Mohon tunggu...
Didi Jagadita
Didi Jagadita Mohon Tunggu... Administrasi - pegawai swasta

pegawai swasta

Selanjutnya

Tutup

Sosbud

Toleransi dan Persatuan untuk Pecahkan Banyak Masalah

2 Januari 2020   17:51 Diperbarui: 2 Januari 2020   18:03 225
+
Laporkan Konten
Laporkan Akun
Kompasiana adalah platform blog. Konten ini menjadi tanggung jawab bloger dan tidak mewakili pandangan redaksi Kompas.

Manusia hidup dengan berbagai persoalan dunia. Sebagai bagian dari sebuah bangsa, kita juga harus berjibaku dengan berbagai persoalan sebagai bangsa di tengah bangsa yang lain. Sebagai bangsa kita bisa menghadapi masalah-masalah ekonomi, pendidikan, sosial kemasyarakatan, politik (diplomasi) bahkan pertahanan. Juga masalah agama dan berbagai macam persoalan lainnya.

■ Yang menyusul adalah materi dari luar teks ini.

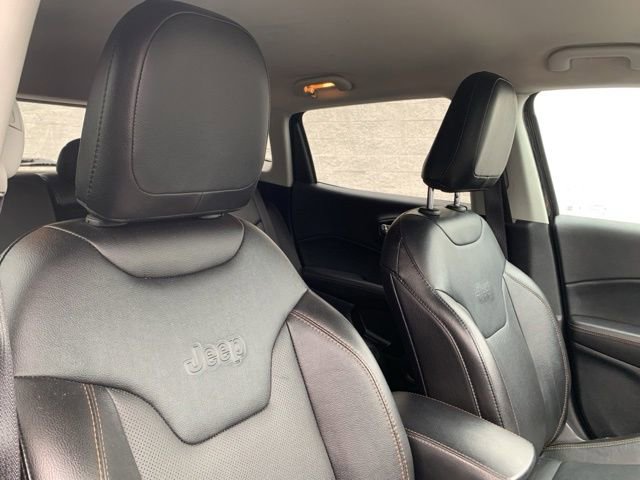 Used 2021 Jeep Compass Limited image 46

Sebagai pribadi, kita juga menghadapi persoalan yang nyaris sama. Pendidikan anak-anak kita, sosial ekonomi, masa depan keluarga dan lain-lain. Mungkin yang harus kita fikirkan bukan hanya keluarga batih kita tetapi juga keluarga besar, sampai keluarga pasangan kita.

Dengan bertambahnya tahun dan usia, tentu tuntutan-tuntutan ini bisa membesar karena zaman memang menuntut demikian. Jika ayah ibunya dulu hanya lulusan SMA, maka ada tuntutan agar anaknya bisa mencapai lebih dari orang tuanya yaitu Sarjana. Jika ayah ibunya mencapai sarjana, ada semacam tuntutan dari zaman agar generasi penerus bisa meneruskan ke jenjang yang lebih tinggi yaitu pasca sarjana. Dan seterusnya yang intinya ada persoalan-persoalan yang seakan berjenjang dan menuntut perhatian kita lebih banyak.

Indonesia sebagai bangsa juga menghadapi jenjang persoalan yang sama. Dulu kita harus berhadapan dengan penjajah seperti Belanda. Hanya dengan bersatu, kita bisa merdeka dan meyakinkan dunia bahwa kita mampu membentuk negara.

Lalu kita dihadapkan dengan bermacam persoalan bangsa. Persoalan sosial religius masyarakat misalnya. Jika dahulu masalah perbedaan keyakinan adalah masalah yang biasa terjadi, maka masa kini persoalannya telah berkembang sedemikian rupa dan lebih rumit.

Unsur kemajemukan (perbedaan) masyarakat kita sebenarnya tidak saja soal keyakinan, tapi juga soal etnis, bahasa, pulau asal dan sebegainya. Ini dimungkinkan karena bangsa kita merupakan negara kepulauan, dimana perbedaan etnis dan bahasa dimungkinkan. Bahasa lokal kita berjumlah ratusan, demikian juga budaya atau etnis yang lebih banyak lagi. Begitu juga keyakinan  atau agama.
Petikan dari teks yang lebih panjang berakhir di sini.